Start of Block

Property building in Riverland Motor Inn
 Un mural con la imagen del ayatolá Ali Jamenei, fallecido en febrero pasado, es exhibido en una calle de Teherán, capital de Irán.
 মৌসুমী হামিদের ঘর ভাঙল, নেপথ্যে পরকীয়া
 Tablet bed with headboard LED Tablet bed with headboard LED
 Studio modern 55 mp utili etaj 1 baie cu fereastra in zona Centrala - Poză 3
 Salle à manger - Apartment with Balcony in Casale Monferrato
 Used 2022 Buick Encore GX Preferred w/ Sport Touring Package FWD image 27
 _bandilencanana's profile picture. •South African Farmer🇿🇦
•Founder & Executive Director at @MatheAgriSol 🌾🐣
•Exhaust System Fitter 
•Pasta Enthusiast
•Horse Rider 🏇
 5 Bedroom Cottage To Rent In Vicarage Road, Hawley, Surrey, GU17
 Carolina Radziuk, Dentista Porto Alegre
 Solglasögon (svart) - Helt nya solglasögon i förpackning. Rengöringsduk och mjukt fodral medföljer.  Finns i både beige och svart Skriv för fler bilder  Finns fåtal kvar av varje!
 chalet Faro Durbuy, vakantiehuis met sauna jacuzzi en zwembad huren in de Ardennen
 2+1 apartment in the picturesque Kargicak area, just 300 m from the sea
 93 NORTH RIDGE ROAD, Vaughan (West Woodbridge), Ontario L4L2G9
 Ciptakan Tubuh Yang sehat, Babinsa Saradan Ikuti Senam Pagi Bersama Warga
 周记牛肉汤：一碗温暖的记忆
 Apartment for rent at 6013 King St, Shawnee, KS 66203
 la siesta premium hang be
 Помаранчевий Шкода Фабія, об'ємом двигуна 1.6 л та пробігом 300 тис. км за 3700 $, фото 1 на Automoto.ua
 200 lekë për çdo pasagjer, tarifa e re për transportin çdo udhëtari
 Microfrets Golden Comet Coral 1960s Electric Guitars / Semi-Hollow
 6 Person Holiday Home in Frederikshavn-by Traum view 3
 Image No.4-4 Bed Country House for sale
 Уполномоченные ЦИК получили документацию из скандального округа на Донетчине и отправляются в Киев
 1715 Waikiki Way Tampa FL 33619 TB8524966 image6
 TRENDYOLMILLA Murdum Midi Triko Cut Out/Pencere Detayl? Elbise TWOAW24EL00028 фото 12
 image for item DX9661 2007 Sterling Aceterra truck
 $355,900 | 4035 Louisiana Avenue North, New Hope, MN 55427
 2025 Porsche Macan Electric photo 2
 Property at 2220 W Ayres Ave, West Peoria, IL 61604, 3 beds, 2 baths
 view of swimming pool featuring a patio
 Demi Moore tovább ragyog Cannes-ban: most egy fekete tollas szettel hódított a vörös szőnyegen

End of Block

#### AIM OF THE TASK:
Each line of the listing above should be output exactly.

#### WRITTEN RESPONSE:
Property building in Riverland Motor Inn
 Un mural con la imagen del ayatolá Ali Jamenei, fallecido en febrero pasado, es exhibido en una calle de Teherán, capital de Irán.
 মৌসুমী হামিদের ঘর ভাঙল, নেপথ্যে পরকীয়া
 Tablet bed with headboard LED Tablet bed with headboard LED
 Studio modern 55 mp utili etaj 1 baie cu fereastra in zona Centrala - Poză 3
 Salle à manger - Apartment with Balcony in Casale Monferrato
 Used 2022 Buick Encore GX Preferred w/ Sport Touring Package FWD image 27
 _bandilencanana's profile picture. •South African Farmer🇿🇦
•Founder & Executive Director at @MatheAgriSol 🌾🐣
•Exhaust System Fitter 
•Pasta Enthusiast
•Horse Rider 🏇
 5 Bedroom Cottage To Rent In Vicarage Road, Hawley, Surrey, GU17
 Carolina Radziuk, Dentista Porto Alegre
 Solglasögon (svart) - Helt nya solglasögon i förpackning. Rengöringsduk och mjukt fodral medföljer.  Finns i både beige och svart Skriv för fler bilder  Finns fåtal kvar av varje!
 chalet Faro Durbuy, vakantiehuis met sauna jacuzzi en zwembad huren in de Ardennen
 2+1 apartment in the picturesque Kargicak area, just 300 m from the sea
 93 NORTH RIDGE ROAD, Vaughan (West Woodbridge), Ontario L4L2G9
 Ciptakan Tubuh Yang sehat, Babinsa Saradan Ikuti Senam Pagi Bersama Warga
 周记牛肉汤：一碗温暖的记忆
 Apartment for rent at 6013 King St, Shawnee, KS 66203
 la siesta premium hang be
 Помаранчевий Шкода Фабія, об'ємом двигуна 1.6 л та пробігом 300 тис. км за 3700 $, фото 1 на Automoto.ua
 200 lekë për çdo pasagjer, tarifa e re për transportin çdo udhëtari
 Microfrets Golden Comet Coral 1960s Electric Guitars / Semi-Hollow
 6 Person Holiday Home in Frederikshavn-by Traum view 3
 Image No.4-4 Bed Country House for sale
 Уполномоченные ЦИК получили документацию из скандального округа на Донетчине и отправляются в Киев
 1715 Waikiki Way Tampa FL 33619 TB8524966 image6
 TRENDYOLMILLA Murdum Midi Triko Cut Out/Pencere Detayl? Elbise TWOAW24EL00028 фото 12
 image for item DX9661 2007 Sterling Aceterra truck
 $355,900 | 4035 Louisiana Avenue North, New Hope, MN 55427
 2025 Porsche Macan Electric photo 2
 Property at 2220 W Ayres Ave, West Peoria, IL 61604, 3 beds, 2 baths
 view of swimming pool featuring a patio
 Demi Moore tovább ragyog Cannes-ban: most egy fekete tollas szettel hódított a vörös szőnyegen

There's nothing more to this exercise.